Indeed, in several businesses as well as in artistic and ‘chic’ Parisian clubs, the common enemy for both sides is named François Hollande. At a time when everybody in France must do their “fair effort” to put the harshest budget in 30 years on a better track, as the France’s Socialist President announced in May, the ones who earn the most become, logically, the biggest contributors to this endeavor. He was referring to France’s new 75 percent margin tax on earnings of one million euros a year or more, which takes effect on January 1 and will apply for the next two years. Along with this tax, there is a rise in the capital gains taxes.
Consequently, French actors or singers are announcing openly they will move out of the country and change their citizenship to avoid this tax. On this front, the breakout came had to come from the strongest ‘Gaulois’, the world-famous actor Gérard Depardieu who refuse to be seized “85 percent of his income this year” –as he wrote in a public letter to the Prime Minister -, and is fleeing to Néchin village on the other side of the Belgian border. Before Depardieu, his friend Christian Clavier, another star of the French cinema, left the Gallic village for London three months ago.

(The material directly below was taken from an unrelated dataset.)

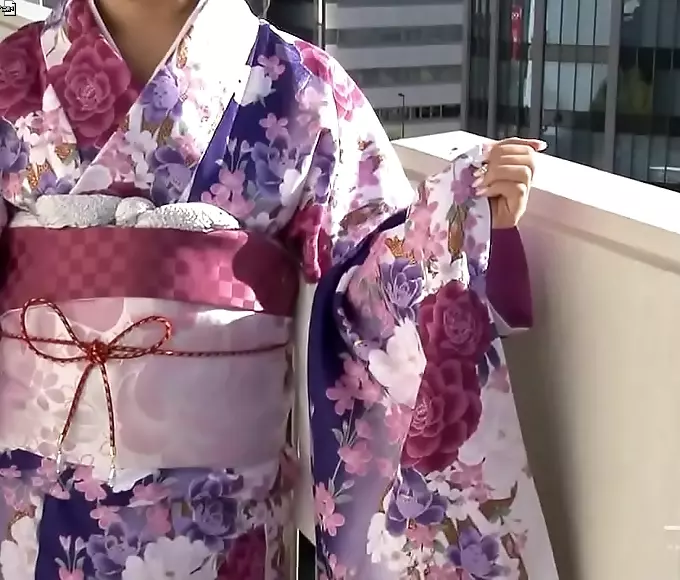 男男 Busty Rina Mayuzumi Unwinds Her Office Stress with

Depardieu’s anger, recently characterized as “selfish” by a member of the French parliament, echoes another lament. It comes from rich and creative people such as some business “angels” of the web economy and successful CEOs of young start up companies. Less visible than entertainers, they have had to create a brand for themselves: “Les Pigeons,” which serves as a password on the web.

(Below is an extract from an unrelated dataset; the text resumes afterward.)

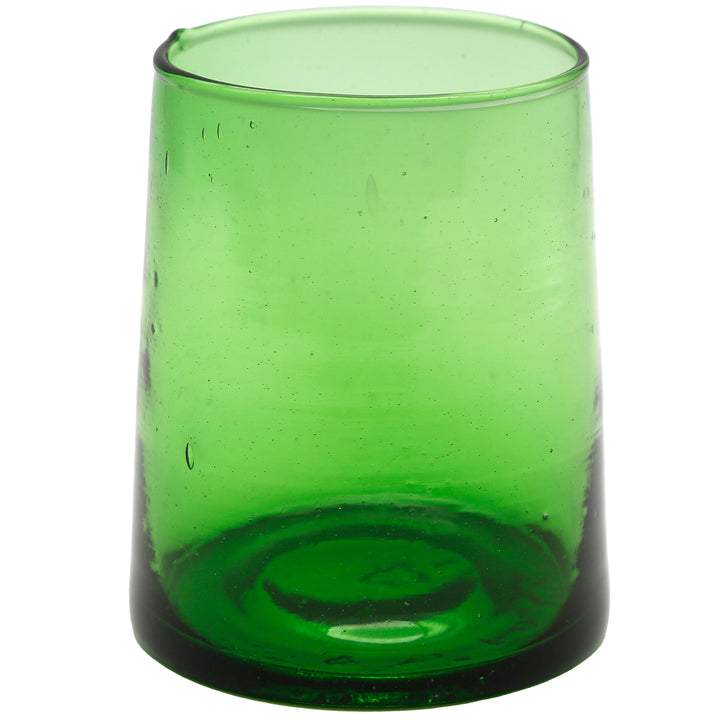  Café glacé dans un verre vert – forme stable et belle coloration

Since “Les Pigeons” was launched in October, nearly 50,000 such “birds” have flocked to to it through Facebook. To a person, they feel scammed because of the increase of capital gains taxes on equity sales (around 40 percent or 60 percent, depending of established criteria). After putting their digital weapons in silent thanks to a fragile armistice with the Finance Ministry, which made some “adjustments” such as minor tax-exemptions, they intend to relaunch their on-line offensive in January.
“Every day I hear an entrepreneur leaving France to Belgium or to the UK”, says Jean-David Chamboredon, the spokesman of the Pigeons. Indeed, the examples are numerous: Lindsay Owen Jones, previous CEO of l’Oréal, Alain Afflelou, a high end businessman in optic industry or Paul-Loup Sulitzer, writer and consultant, come to mind.
Chamboredon, who is also an investor in digital start-up companies and one of the founders of “Les Pigeons,” told the Financial Times last week: “I want to stay in France and I will continue to fight for a tax regime to make that possible.”
But, he quickly added, “My forecast is that investment by business angels may well decrease by a third or maybe a half in 2013. There will be hundreds of startups that will die or will not get off the ground.”
But the exodus, as the FT reported, goes on, with Jean-Gil Boitouzet of the on-line brokerage Bourse Direct, basing his new venture in Brussels January 1.
In their new nation, both sides, artists and entrepreneurs may finally agree : “making money is art”, as Andy Warhol discovered in his New York studio.